Ok, let’s break this down. Here is a review of a paper on this topic. Clay Smith MD, the author of the review, runs Journal Feed. We both trained and worked together back at Vanderbilt. He is excellent and it's no surprise that this is a great summary.  

From the paper:

If clinical suspicion is high, infection should not be ruled out on the basis of RT-PCR alone, and the clinical and epidemiologic situation should be carefully considered.

From his review:

It found that testing 3 days after symptom onset had the lowest false-negative rate (20%, 95% CI 12 to 31%). Testing on the day of symptom onset had a false negative rate of 38%. The study also concluded that testing after exposure but before symptom onset was almost worthless. Swabs collected during the prodrome had a false negative rate ranging from 67% to 100%.  Figure 2 from the article tells the story.

So, the meaningful variable from the paper seems to be how many days you have had symptoms. Three days after symptoms seem to be the most accurate. Pre-symptomatic seems to be of low value. And, the longer you have symptoms past day 3, the accuracy drops. 

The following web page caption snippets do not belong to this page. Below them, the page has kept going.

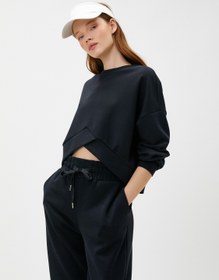 Resim Crop Sweatshirt Modal Karışımlı 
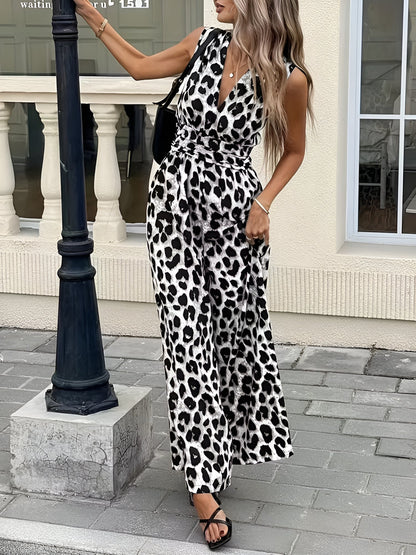 Leopard Print Sleeveless V Neck Wide Legs Jumpsuit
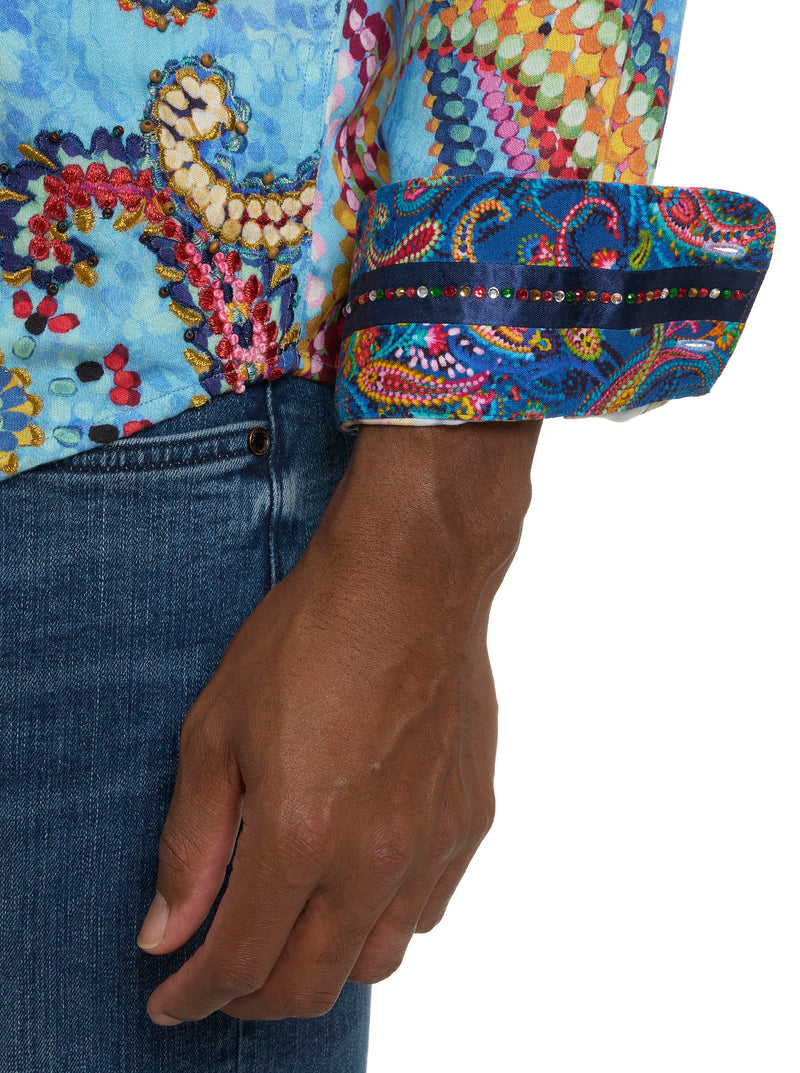 LIMITED EDITION AMAZE ME PAISLEY LONG SLEEVE BUTTON DOWN SHIRT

Question: Why does it drop? 

Answer: The virus is thought to migrate down into the lungs after a few days so nasal tests are not coming into contact with the virus as frequently. 

I’m sure the collection technique and the test characteristics are important too. I just didn’t find as much on this but those two variables have face-validity (#learningdoctorspeak). 

To wrap this up, the KaiNexian who was admitted to the hospital for over a week and had a couple-day ICU stay had 2 negative tests before his first positive test. Doctors use Bayesian thinking when interpreting tests that aren’t perfect (almost no tests are perfect). So, if you have a very high clinical suspicion that someone has a disease then the test can influence your thought but not necessarily completely change your mind. Here is a nice article if you want to go deeper on Bayesian theory/thinking and how it applies to medicine vs a purely statistical explanation which makes my head hurt. The letter titled To Test or Not to Test incorporates some of this thinking.  

Stay emotionally connected and physically distant,


PS: If you would like to read more on the false-negative rate, this was also pretty informative. 

PPS: I have been unable to find an abundance of good information on the false-positive rate. I think the thought here is that it is much, much lower. If you get a positive COVID test and you are sick, you have COVID. Also, the false-positive rate would be very hard to reliably calculate because a number of patients are asymptomatic cases and/or never make antibodies. 

PPPS: After I wrote this (but before I sent it), another friend reached out to me and told me his daughter got two tests at the same time (one rapid and one send out). The rapid was positive and the send out was negative. I had to look that one up as it didn’t make sense to me. Here is what I learned from the Mayo Clinic site (third question down). The rapid tests (which are new) are Antigen tests (they detect proteins rather than genetic material). They are rapid but have a higher false-negative rate (low sensitivity) so they are often followed up with a molecular PCR test (higher sensitivity) which is a send out. So, if your rapid antigen test is positive, done deal - you have the disease and the second test is unnecessary and irrelevant.